My college degree is in Journalism, with an emphasis in photography. My student job was as the staff photographer for the Public Relations office in the college, doing a lot of sports photography as well as a ton of grip & grins. 

After college, my first job was as a photographer for a small daily newspaper. Next, I took the job as the editor-in-chief of a small town weekly newspaper, where I did all of the photo work. 

Since I was putting my wife through college and the weekly newspaper didn't pay a living wage for two, I did wedding pictures and studio work on the side. I sold all of my wedding and photography equipment years ago. I pretty much gave photography up, only taking the occasional snapshot with a digital camera. 

I had a MAJOR case of photo-burnout, but now I have gotten back into it. First, I sold my old junky second-generation digital camera and bought a "superzoom". That camera is a Nikon 4800, and I used it to take all but the latest zoo pictures. It is "OK", and while one can take some good shots with it, the 4800 is not well suited for animal work. 
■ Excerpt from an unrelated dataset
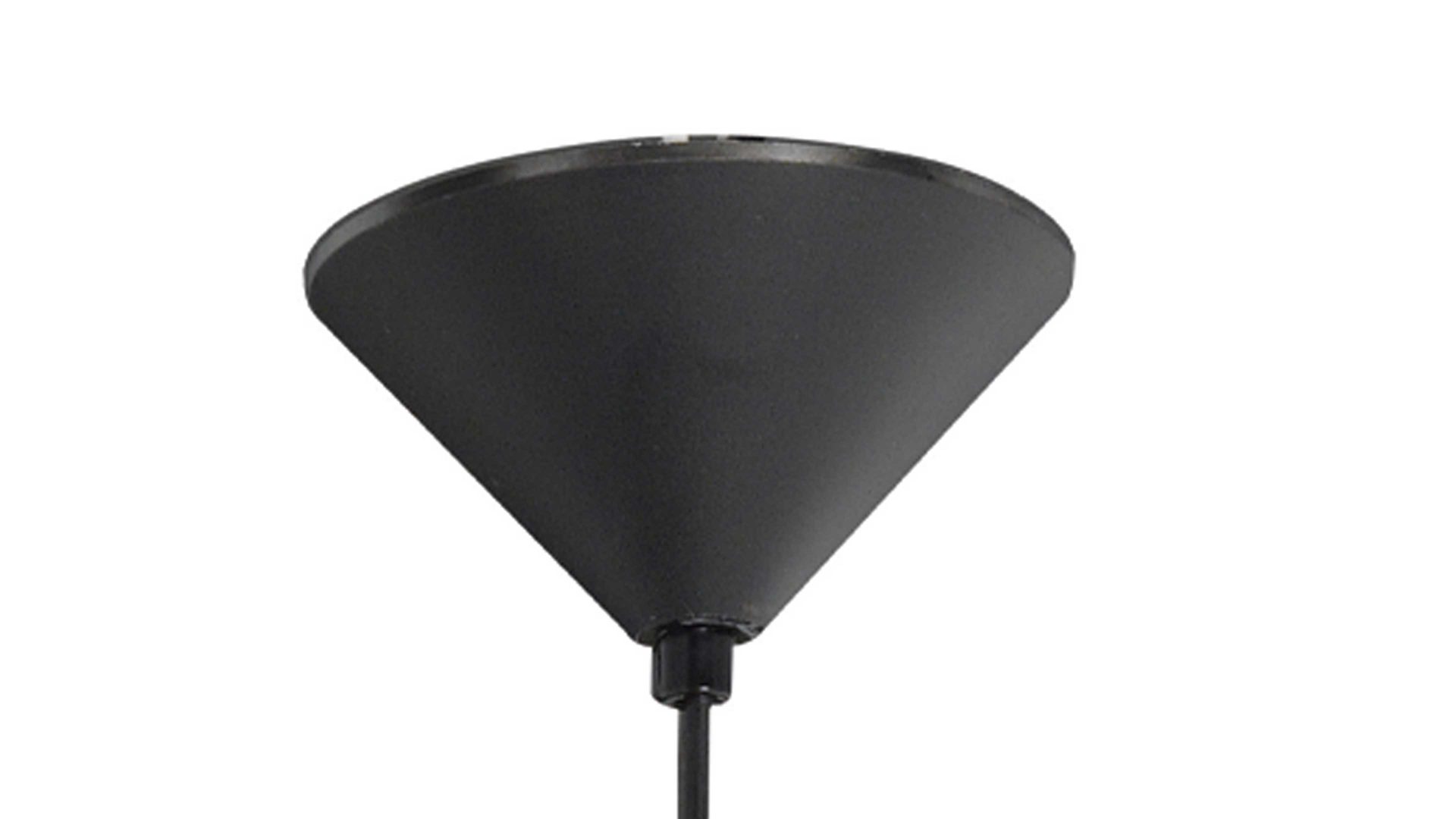 Pendelleuchte Fh fischer & honsel aus Glas in Dunkelgrau FH Hängelampe Dini Rauchglas – Durchmesser ca. 25 cm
I got the first D80 and it is (obviously) much better. For those of you who don't know, but may care, animals move fast. VERY fast. When they turn their heads, they tend to snap them around... especially birds. The key to shooting animals successfully is to shoot on continuous mode, at a very high shutter speed, with a low aperture to make that nice blurred background. Light and composition are, obviously, extremely important. The problem is, when you go to a zoo, you are often "stuffed" by the fact that the animals are in a specific place and you can't change your field of view very much (no crawling into the cages allowed). 

The Tamron I use I got as part of a kit, and it's not bad. It's a bit slow, but it was only $150, so you get what you pay for. It has decent image quality, and many of the images on the site are made with it. I am saving up money to replace it with a better lens. 

After I started getting good results, my wife decided to join me in shooting pictures... so, I ordered her a D80 in a kit with a 4GB memory card, case, etc. Obviously, I only buy Nikon USA equipment with USA warranties from an authorized Nikon dealer. No grey market for me. 

The big difference between the two cameras is that she got a Nikon 18-200 VR lens, one of the hottest (sales wise) lenses on the planet. It is a fantastic chunk of optics. 

So there you have it. Not that anybody cares.


----------



## Jim Gratiot (Apr 15, 2007)

You have a lot of great pictures here.

But my main annoyance with the site (sorry if this is petty) is that every time you click on one of the zoo links ("Kansas City Zoo '07"), all of the links have to "reappear" on the new page.  And there's something about the way those links appear one by one that I find a little offputting.  Can't put my finger on it, but you might want to see what other people think about that.


----------